As a young man in his early 20s, he tried selling candies for a living while married to a Minnesota schoolteacher, but the business—and the marriage—failed. He moved to Tacoma, Washington with his second wife in 1911 and again tried selling candy as a wholesaler. And again, he failed. But when they moved back to Minnesota in 1920, their fortunes would change spectacularly.
The new Milky Way candy bar, introduced in 1923 with its creamy nougat of whipped egg whites, sugar syrup, malted flavoring and air, was lighter and cheaper to produce than solid chocolates—and it was an instant hit. In its first year, the Milky Way reportedly grossed $800,000 in sales—the equivalent of about $11 million today. Mars was buying raw chocolate from a competitor, the Hershey Company in Pennsylvania, to make the Milky Ways.

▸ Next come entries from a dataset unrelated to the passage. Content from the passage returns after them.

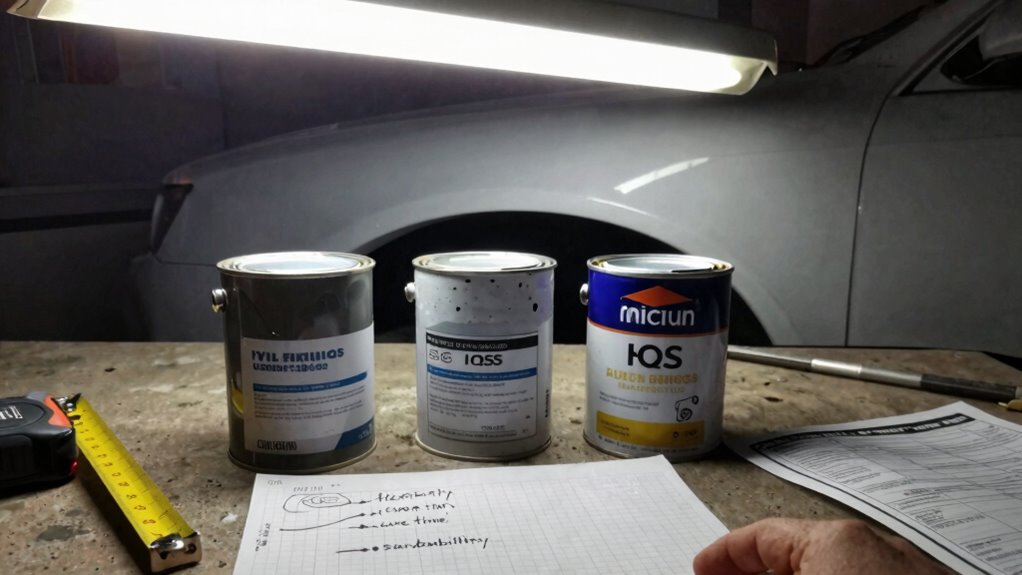 key factors for undercoats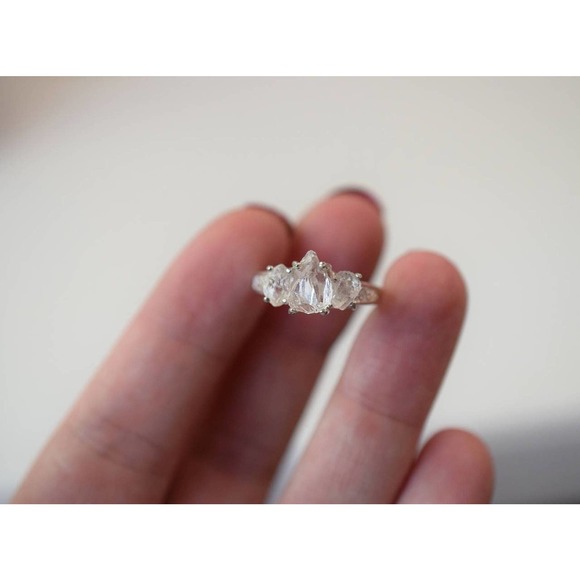 Art deco ring promise anniversary gift for women size 3 4 5 6 7 8 9 10 1… - Picture 3 of 10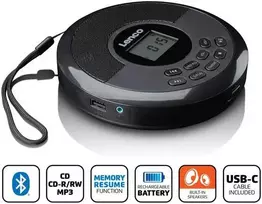 Lenco CD-Player CD-340BK juodas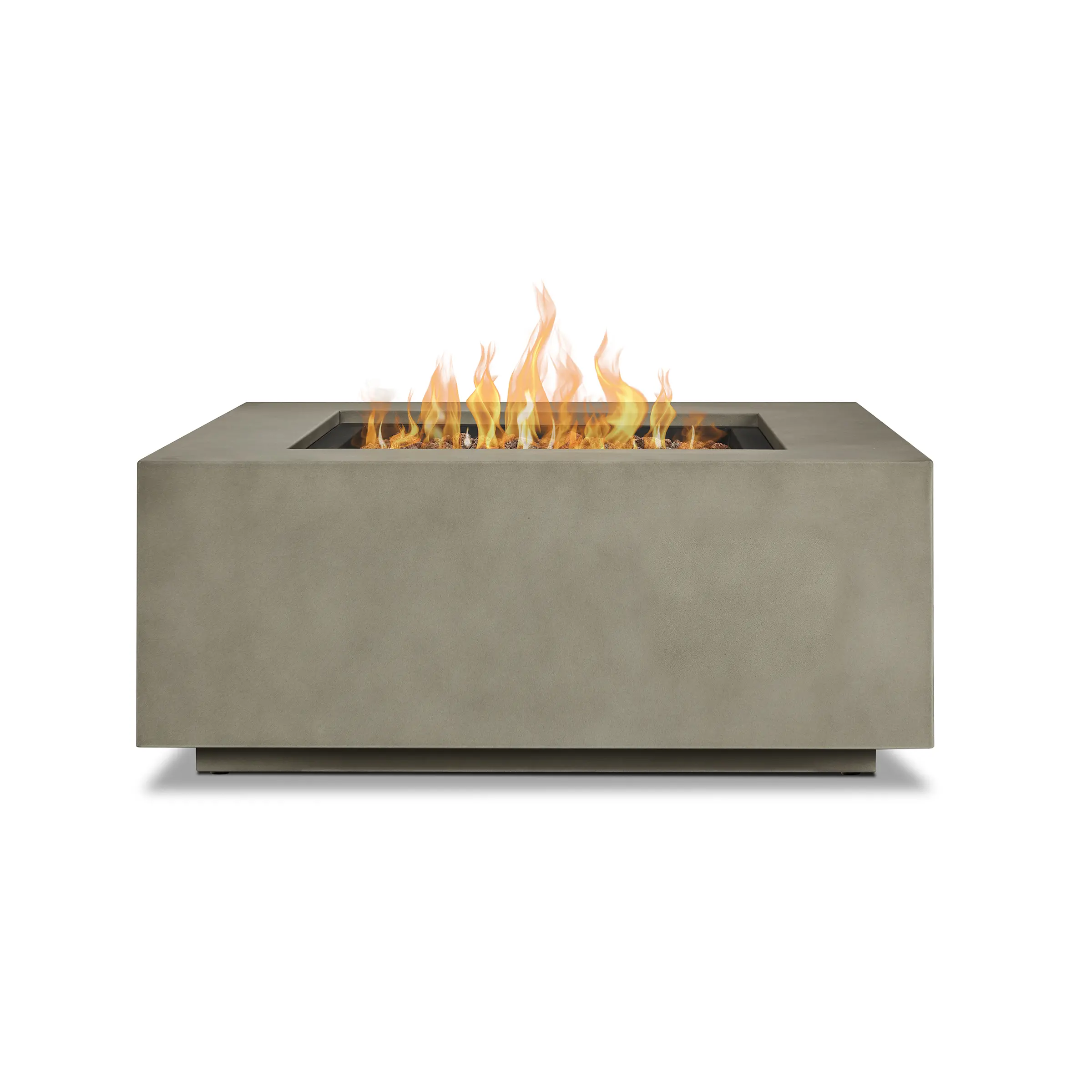 C9812LP-MGRY Aegean 36 Square Steel Gas Fire Pit Table in Mist Gray-1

By the way, with a family name like Mars, you’d think that Milky Way was named after the galaxy. But the company says the name was really inspired by the malted milk shakes that were so popular at the time. And the bars were advertised as “a double malted milk in a candy bar.”
Frank Mars’ son from his first marriage, Forrest, claimed he was the one who came up with the idea for the Milky Way as he and his dad talked over milk shakes at a soda fountain. The two had a rocky relationship, but each ended up hugely successful in different divisions of the company. Forest ran operations in Europe.
It quickly became apparent that Mars was outgrowing its space in the North Loop. In 1929, the company moved to an opulent new production facility in a suburb of Chicago, and it’s there that it would introduce Snickers, M&Ms and many other treats.
Frank Mars, his son Forrest, and his second wife Edith, are all entombed in Minneapolis, at Lakewood Cemetery.
And the candy bar that first came out of a factory on Washington Avenue North is another sweet story we can tell about the North Loop.